Niemieccy lekarze ponownie zaostrzyli strajk
Po tygodniowej przerwie, niemieccy lekarze zaostrzyli ponownie trwający od marca strajk o
wyższe wynagrodzenia oraz lepsze warunki pracy.
W akcji protestacyjnej bierze udział około 40 szpitali w dziewięciu krajach związkowych Niemiec - poinformował związek zawodowy lekarzy Marburger Bund. Uczestniczące w akcji szpitale przerwały pracę na cały tydzień. Pomoc pacjentom udzielana jest jedynie w nagłych przypadkach.
Szef Marburger Bund Frank Ulrich Montgomery zagroził pracodawcom przedłużeniem strajku na czas mistrzostw świata w piłce nożnej, co - jak się wyraził - postawi pod znakiem zapytania plany pomocy lekarskiej na wypadek katastrofy. Mundial w Niemczech rozpoczyna się 9 czerwca.
W ubiegłym tygodniu lekarze zawiesili strajk, by umożliwić przeprowadzenie pilnych operacji.
Marburger Bund odrzuca kompromis wynegocjowany tydzień temu przez związek zawodowy pracowników służb publicznych Verdi oraz przedstawicielami krajów związkowych. Montgomery uznał wyniki negocjacji za niezadowalające. Marburger Bund uważa, że Verdi nie ma prawa reprezentować lekarzy, a wyniki negocjacji nie są dla jego organizacji wiążące.

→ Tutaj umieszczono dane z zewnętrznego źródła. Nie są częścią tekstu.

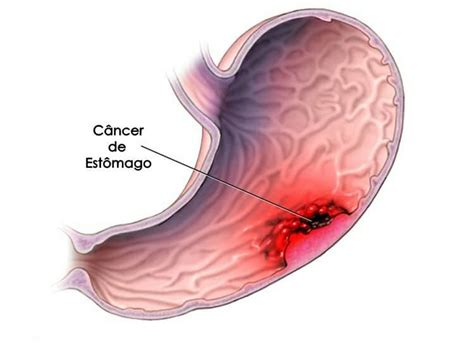 Cancer De Esofago   SEONegativo.com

Protesty w niemieckiej służbie zdrowia trwają od ubiegłego roku. Po serii strajków ostrzegawczych w połowie stycznia w Berlinie odbyła się demonstracja z udziałem ponad 20 000 lekarzy. W marcu rozpoczął się strajk, przy czym początkowo wybrane szpitale przerywały pracę na jeden dzień. W maju strajk trwał po raz pierwszy przez cały tydzień.
Lekarze domagają się 30-procentowej podwyżki płac, zlikwidowania niepłatnych nadgodzin oraz ograniczenia biurokracji. Spór dotyczy 22 tys. lekarzy zatrudnionych w szpitalach należących do landów. Niezadowolenie panuje także wśród lekarzy praktykujących prywatnie oraz personelu pomocniczego szpitali - pielęgniarek, salowych i pomocy dentystycznych.
Partie tworzące rząd koalicyjny Angeli Merkel zapowiedziały opracowanie do lata tego roku całościowej koncepcji reformy służby zdrowia.